Fast forward eight months, and what has changed? Very little. Vendors still tout their abilities to generate WSDL for services to be piped from one machine to another via SOAP, which although eminently appopriate in some settings, are just as inappropriate in others. Very little attention is given to non WS-* approaches. To give credit where credit is due, however, Microsoft seems to be not only hearing the call for less heavyweight services, but answering it as well. Whether the support for REST within the Indigo stack is new as Dare implies or has been there all along, as Don Box asserts, it amounts to the same thing: Microsoft is ensuring that web service developers have a choice in what kinds of services they develop, and how they assemble them. This is what I’ve been stressing to vendors all along; it’s about choice, and if you don’t provide that choice developers will route around you. Sometimes the best choice will be the heavyweight stack, but sometimes it won’t. Kudos to Microsoft for recognizing that – this is an excellent move, IMO.
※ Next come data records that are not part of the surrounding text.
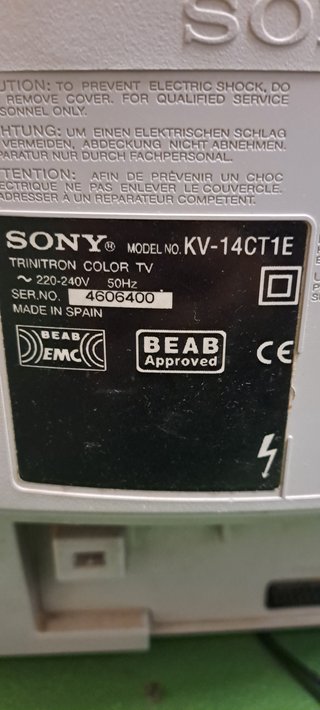 Televisor CRT Sony Trinitron 14 pulgadas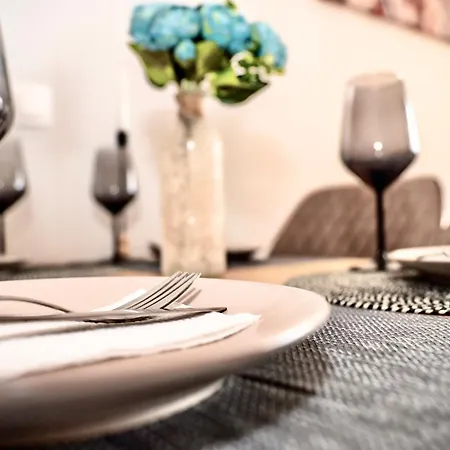 Апартаменти Skyline 11 - Sea Views & Serenity By The Coast *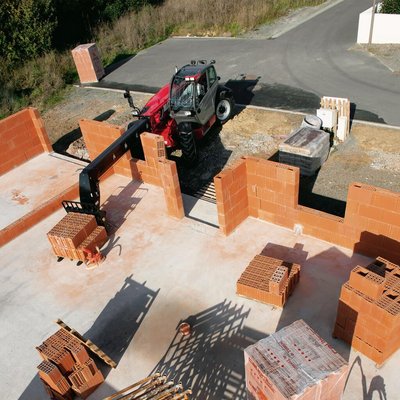 Chariot télescopique Manitou MT835 EASY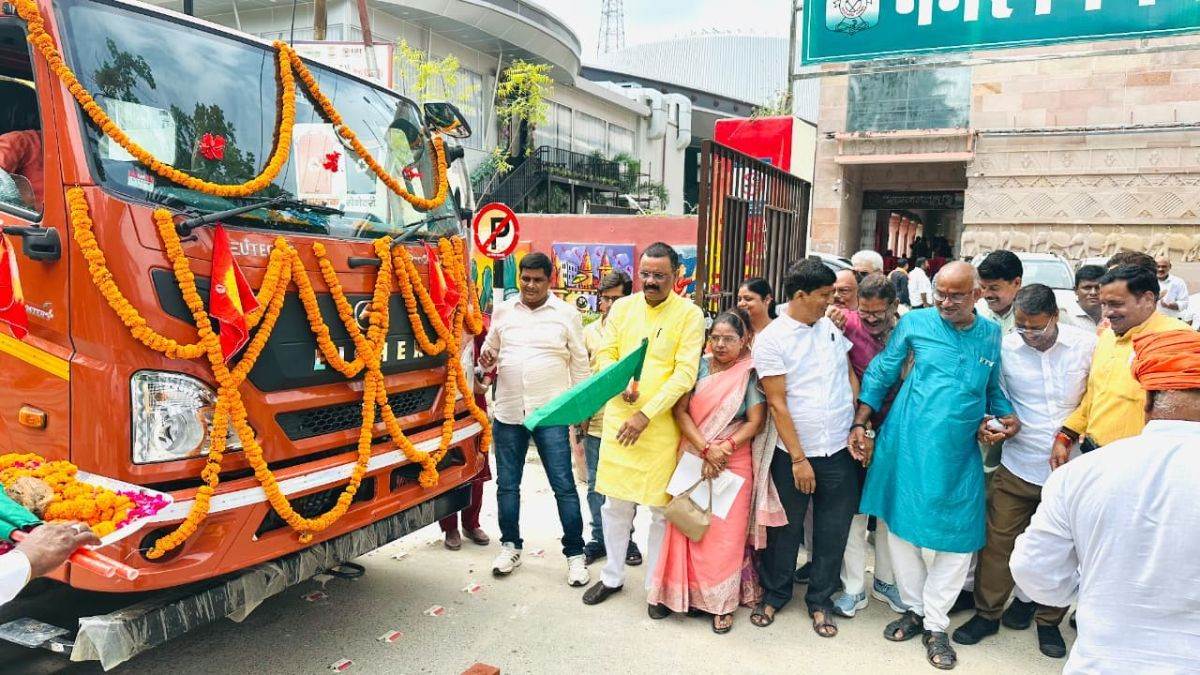 new vehicles enhance sewer cleaning efficiency in varanasi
But I still think the definition of what is a service can and should be pushed further, and I was reminded of this while speaking with Michael Baum of Splunk yesterday. For those unfamiliar with these guys, they were written up by BusinessWeek’s Steve Hamm here and essentially are turning search engine like technology loose on the myriad forms and high volume of log files generated in the modern datacenter – or even the modern small home or office network. It’s an interesting concept, and one I find tremendously appealing not least because it seems eminently positionable as a drop in service, akin to what we’ve discussed with our COA Core Services. While there are a variety of ways Splunk can consume data, one approach is simply to setup a cron that drops log files onto the Splunk server. What could be simpler? No installation of agents, listeners, daemons or otherwise – just a simple log transport. Even better, the Splunk folks have done a good job of not only providing the means for third parties and individual developers to create additions and extensions to their platform, but to contibute these back to a common community (go figure – an ISV gets that it’s about community ;).
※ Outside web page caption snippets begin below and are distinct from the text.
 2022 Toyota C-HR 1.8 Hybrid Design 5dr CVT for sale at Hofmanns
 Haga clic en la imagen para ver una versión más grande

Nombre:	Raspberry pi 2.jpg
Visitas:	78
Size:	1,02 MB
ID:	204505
To me, Splunk’s log traversal and distillation is a service just as identity is a horizontal service used by applications all over the enterprise to provide a singular function (and as such might be very closely aligned with Aspect oriented logging, but that’s another matter). Whether or not it should be positioned that way depends on whether or not you (or your customers) believe in broader notions of services or prefer the WS-* definition, but I’d certainly give it some thought.